Exemple d’une construc­tion aujourd’­hui cou­rante. Faut-il l’accepter ?

Chaque fois que je la ren­con­trais, je m’in­ter­ro­geais. Pour ma part, spon­ta­né­ment, j’é­cri­rais, au choix :

  • « la com­po­si­tion des pro­duits le1 plus natu­relle possible » ;
  • « une com­po­si­tion des pro­duits aus­si natu­relle que possible ».

Je res­sen­tais la copré­sence de l’ar­ticle indé­fi­ni et de l’ar­ticle défi­ni comme contra­dic­toire. Pour moi, « la plus natu­relle pos­sible » ne peut être qu’u­nique, donc dési­gnée comme « la construc­tion ». Pourtant…

J’ai trou­vé le pas­sage où Gre­visse en parle (§ 988, c) :

« Le nom accom­pa­gné d’un adjec­tif au super­la­tif a comme déter­mi­nant ordi­naire un article défi­ni ou un pos­ses­sif : Il a épou­sé LA femme la plus aimable que je connaisse. […]
On trouve par­fois d’autres déter­mi­nants dans la langue écrite, sur­tout littéraire. » 

Suivent quelques exemples, dont celui-ci, dû au cri­tique Jacques Siclier, dans Le Monde, en 1984 : Le choix d’UN met­teur en scène de ciné­ma le mieux appro­prié à une œuvre lyrique.

Sont aus­si cités des exemples en fran­çais clas­sique, comme chez Molière, dans L’A­vare (III, 1) : 

C’est UNE chose la plus aisée du monde.

Il semble que cet usage lit­té­raire soit rede­ve­nu en vogue, y com­pris dans la langue orale.

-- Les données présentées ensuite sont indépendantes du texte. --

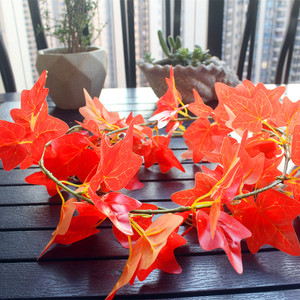 仿真红枫叶藤条装饰花塑料假花缠绕空调管道遮挡吊顶缠绕绿叶藤蔓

Je l’en­tends sou­vent à la radio ou à la télévision.

Une remarque chez Gre­visse laisse cepen­dant devi­ner le léger malaise que peut pro­vo­quer une telle construction : 

« On pour­rait intro­duire des vir­gules dans un exemple comme : Ils sont ain­si ame­nés […] à pré­sen­ter UN miroir le plus fidèle pos­sible du voca­bu­laire pos­sible (J. Dubois, I. Guil­bert, H. Mit­ter­rand et J. Pignon, dans le Fr. mod., avril 1960, p. 87).

  1. Pour la règle fixant le genre de l’ar­ticle, qui n’est pas le sujet de ce billet, voir la « ques­tion de langue » de l’A­ca­dé­mie fran­çaise.